Tuesday, April 24, 2012

services on a Mac

Say there's a program that needs to run on your Mac all the time forever and ever. This post describes how to set that up. The example here sets up the script that runs elasticsearch.*

On a Mac, services are controlled by launchd, which is configured using launchctl. This example uses launchctl to set up a service that starts as soon as it's configured, starts up automatically at system startup, and gets restarted every time the job dies.

1) Create a configuration (plist) file for it. Name the file like: com.yourorganization.whateverpackage.jobtitle.plist. In the example, mine is org.elasticsearch.test.plist

<?xml version="1.0" encoding="UTF-8"?>
<!DOCTYPE plist PUBLIC "-//Apple Computer//DTD PLIST 1.0//EN"
"http://www.apple.com/DTDs/PropertyList-1.0.dtd">
<plist version="1.0">
    <dict>
        <key>Label</key>
        <string>org.elasticsearch.test</string>
        <key>ProgramArguments</key>
        <array>
            <string>/Volumes/Projects/elasticsearch/bin/elasticsearch</string>
            <string>-f</string>
        </array>
        <key>WorkingDirectory</key>
        <string>/Volumes/Projects/elasticsearch</string>
        <key>StandardErrorPath</key>
        <string>logs/service-err.log</string>
        <key>StandardOutPath</key>
        <string>logs/service-out.log</string>
        <key>OnDemand</key>
        <false/>
        <key>KeepAlive</key>
        <true/>
        <key>RunAtLoad</key>
        <true/>
    </dict>
</plist>

Some important bits explained:
org.elasticsearch.test - the Label is the job's name. After the job is loaded into launchctl, this is how you can refer to it for start, stop, list.
/Volumes/Projects/elasticsearch/bin/elasticsearch - the ProgramArguments contains the name of the program you want to run, and then any arguments to pass to it. (there's an alternative to put the program or script name in a separate place, but this is easy. It keeps it right next to its arguments.)
-f - this argument is specific to elasticsearch, but the meaning of it is important. Your program or script should not fork and then exit. This means it should run everything in the foreground and never exit. launchd has a job to keep your script running, so your script needs to keep running.
/Volumes/Projects/elasticsearch -  launchd will cd to the WorkingDirectory before running your program. Your script should not cd.

2) load your plist configuration:
  • copy your plist file to /Library/LaunchDaemons
  • Load it: launchctl load /Library/LaunchDaemons/org.elasticsearch.test.plist (your plist filename)
    • note that whatever user you are when you run this launchctl load will, by default, be thu user the job runs as. If you don't like that, you can configure the UserName in your plist (man launchd.plist for more info).

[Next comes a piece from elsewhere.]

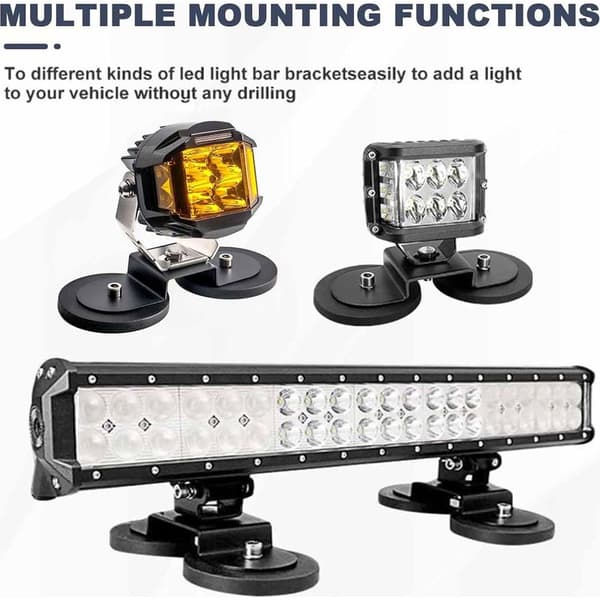 88 mm 2-delt magnetisk brakett for LED-lysstang, ultrastark magnetisk frontlysfeste for tak- og pansermontering med gummipakning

If you sudo launchctl load, your job will run as root.
  • Check it: launchctl list org.elasticsearch.test (your job label)
    • if you just do launchctl list, it'll list all the jobs set up by your user. sudo launchctl list to see everything. Grep for yours.
    • listing the specific job gives you some status information. Look for a PID - that means your script is running.
    • if you see no PID and a LastExitStatus of 256, then your job might be forking and exiting. Don't do that.
  • Now ps -ef | grep for your program, and see that it's running.
    • Kill it. See whether it gets started again with no action on your part. It should.
    • Check your program's logs.
  • If you need your program to NOT run constantly, you'll need to unload it.
    • launchctl unload /Library/LaunchDaemons/org.elasticsearch.test.plist

Great! That's the whole thing. For way more options, check the man pages. Also, here's a poorly organized but nonetheless useful reference page.

* there is a service wrapper for elasticsearch, but it didn't work for us. It doesn't set the job up to run continually.

Wednesday, April 18, 2012

configuring soundex in elasticsearch

elasticsearch is trivially easy to set up and start using with reasonable default settings. Like any framework, deviating from those defaults increases the challenge. Phonetic searches like soundex are supported by elasticsearch, but not out-of-the-box.

What is soundex? It classifies words according to how they sound, so that similar-sounding words will match each other in a search. For instance, "frend" will find "friend" because they both translate to the soundex secret code F653.

This post describes in explicit detail how to configure a soundex search on specific fields in an index on elasticsearch v0.19.2 on a Mac. It includes some explanation of what each step means.

If you haven't installed elasticsearch yet, do that.

Part 1: Install the plugin

The phonetic plugin (github) is trivial to install. Go to the directory where elasticsearch is installed, and:
bin/plugin -install elasticsearch/elasticsearch-analysis-phonetic/1.1.0 .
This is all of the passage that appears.